Meski PGN hanya berperan sebagai pelaksana, Novita menuntut perusahaan pelat merah itu memberi penjelasan terbuka terkait ketidakjelasan kebijakan Harga Gas Bumi Tertentu (HGBT) yang dinilai tidak konsisten di lapangan.
“PGN tidak bisa hanya berdalih kebijakan ada di kementerian. Sebagai pelaksana, PGN tetap punya tanggung jawab untuk memberikan penjelasan dan mencari solusi. Komisi VII butuh jawaban konkret, bukan sekadar melempar masalah ke pihak lain,” ujarnya.

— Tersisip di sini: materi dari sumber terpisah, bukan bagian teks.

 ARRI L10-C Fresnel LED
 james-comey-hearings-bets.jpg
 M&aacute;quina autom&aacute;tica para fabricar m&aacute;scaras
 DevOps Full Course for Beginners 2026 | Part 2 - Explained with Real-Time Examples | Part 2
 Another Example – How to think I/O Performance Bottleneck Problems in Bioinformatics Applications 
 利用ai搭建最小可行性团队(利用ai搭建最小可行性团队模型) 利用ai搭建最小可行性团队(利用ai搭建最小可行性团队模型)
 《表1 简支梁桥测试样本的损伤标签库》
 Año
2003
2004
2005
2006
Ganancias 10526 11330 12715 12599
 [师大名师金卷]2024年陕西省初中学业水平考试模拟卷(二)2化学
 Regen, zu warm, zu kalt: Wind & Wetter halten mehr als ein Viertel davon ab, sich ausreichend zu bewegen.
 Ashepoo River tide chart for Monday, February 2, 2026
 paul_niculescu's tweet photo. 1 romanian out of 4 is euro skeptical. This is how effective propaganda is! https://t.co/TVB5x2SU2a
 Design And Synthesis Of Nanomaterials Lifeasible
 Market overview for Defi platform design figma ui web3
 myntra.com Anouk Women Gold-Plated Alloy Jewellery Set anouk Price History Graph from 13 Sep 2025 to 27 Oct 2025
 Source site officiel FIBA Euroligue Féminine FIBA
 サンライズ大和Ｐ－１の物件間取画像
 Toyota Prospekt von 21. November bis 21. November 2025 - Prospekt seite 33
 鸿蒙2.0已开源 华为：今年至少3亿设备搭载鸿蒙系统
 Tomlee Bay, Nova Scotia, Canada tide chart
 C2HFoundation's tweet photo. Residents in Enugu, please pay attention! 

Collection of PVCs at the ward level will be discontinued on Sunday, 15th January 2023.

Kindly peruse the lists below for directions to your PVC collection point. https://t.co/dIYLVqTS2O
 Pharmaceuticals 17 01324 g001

Novita juga menekankan pentingnya koordinasi antar-kementerian agar industri tidak terus menjadi korban tarik ulur kebijakan.
“Kalau kebijakan gas tetap tidak jelas, industri nasional akan terus tersandera. Jangan sampai masa depan industri hancur hanya karena kementerian dan BUMN saling melempar tanggung jawab,” tutup Novita. (ivan)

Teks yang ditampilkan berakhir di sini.